NVIDIA get round to single board SLI with 55nm GT200

Sunday 21st December 2008, 01:21:00 PM, written by Rys

NVIDIA have pre-empted the release of GeForce GTX 295 in January at CES, with a set of sanctioned previews by some of the usual hardware-analysing suspects around the 'net.

The product implements single-slot SLI using two 55nm GT200s, NVIDIA using the shrink from 65 to get the physical characteristics needed to build a sensible product.  Each GPU will have all ten clusters enabled, but one ROP partition and memory channel will be disabled.

That gives rise to headline numbers of 240 SPs, a 448-bit memory bus, 7 quad ROPs and 896MiB of connected GDDR3 DRAM memories, all per chip.

NVIDIA house the two-PCB assembly in their now-familiar cooler shroud, designed to direct airflow, with the end result not unsimilar to the old GeForce 9800 GX2.

NVIDIA claim it'll be faster and cheaper than the Radeon 4870 X2, with a price of $499 and availability as soon as the official announcement at CES happens.

Paired with recent drivers that enable multi-monitor with SLI, quad-SLI if you happen to buy two, and the GTX 295 is a reasonably attractive product for the well-heeled gamer.

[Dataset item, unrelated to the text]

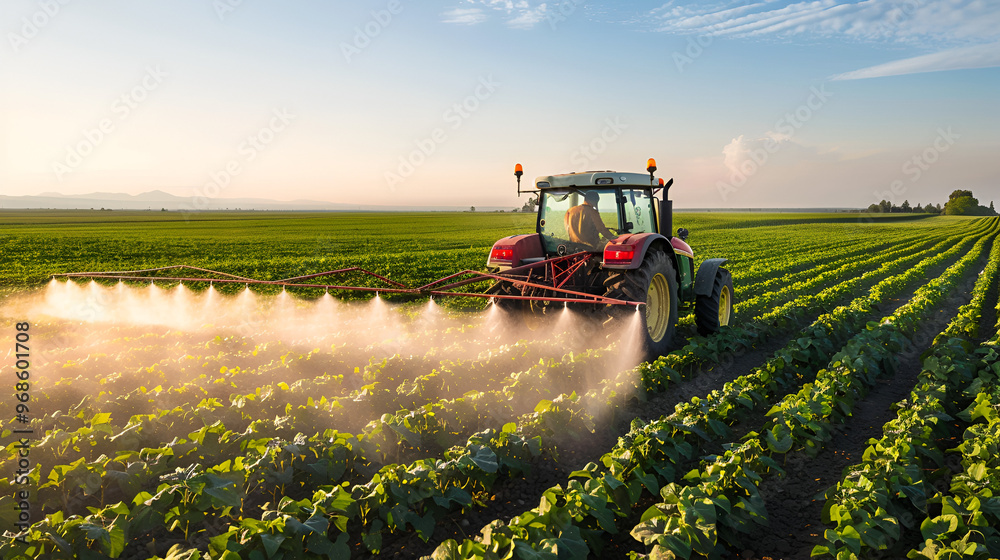 Fototapeta premium tractor spraying field ,generative ai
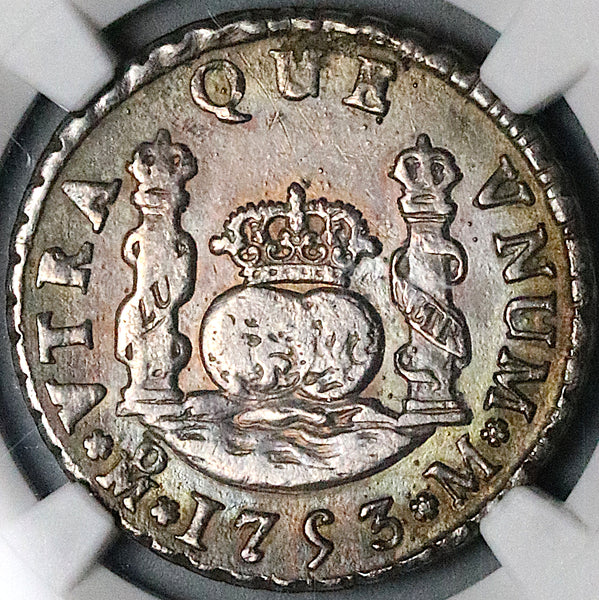 1753-Mo NGC XF Mexico 2 Reales Pillars Ferdinand V Colonial Silver Coin (25021601C)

It also makes a nice single-board package for doing dual-chip CUDA development, especially with the aforementioned multiple monitor support.  I think I'll pick one up just for that.

Inter-chip communication is in a very similar vein to existing GX2 products.

The Tech Report have more specs and pictures, including clocks, and our forums rage on both sides about its expected performance, especially since the previews were a little canned in terms of what games were used.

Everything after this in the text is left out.